Chapter 3. Troubleshooting Backup and Recovery

From time to time you might experience backup failures. It is vitally important that you determine the cause of the failure. Most often, the failure is due to worn or faulty media. Proceeding without determining the cause of a failure makes all your future backups suspect and defeats the purpose of backups.

This chapter contains the following sections:

Troubleshooting Unreadable Backups

The reasons a backup might be unreadable include:

  • The data on the backup tape is corrupted due to age or media fault.

  • The tape head is misaligned now, or was when the backup was made.

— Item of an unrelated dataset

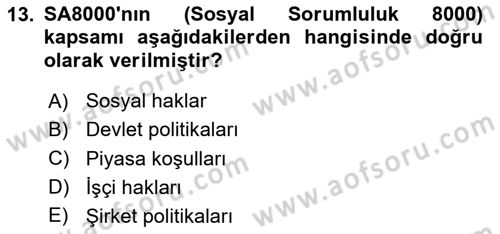 Uluslararası Sosyal Politika Dersi 2023 - 2024 Yılı (Final) Dönem Sonu Sınav Soruları 13. Soru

  • The tape head is dirty now, or was when the backup was made.

Check /var/adm/SYSLOG to see if your tape drive is reporting any of these conditions.

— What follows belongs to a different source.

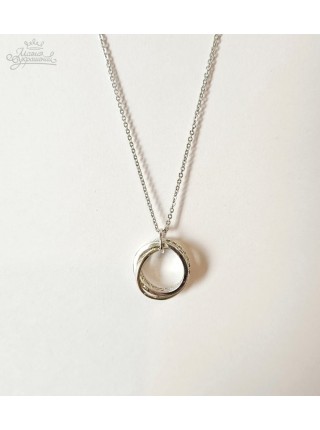 Подвеска Колечки с прозрачными кристаллами Swarovski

Reading Media from Other Systems

You may not be able to read data created on another vendor's workstation, even if it was made using a standard utility, such as tar or cpio. One problem may be that the tape format is incompatible. Make sure the tape drive where the media originated is compatible with your drive.

If you are unable to verify that the drives are completely compatible, use dd to see if you can read the tape at the lowest possible level. Place the tape in the drive and enter the command:

mt blksize

The mt(1) command with these options tells you the block size used to write the tape. Set the block size correspondingly (or larger) when you use dd to read the tape. For example, if the block size used was 1024 bytes, use the command:

dd if=/dev/tape of=/usr/tmp/outfile bs=1024

If dd can read the tape, it displays a count of the number of records it read in and wrote out. If dd cannot read the tape, make sure your drive is clean and in good working order. Test the drive with a tape you made on your system.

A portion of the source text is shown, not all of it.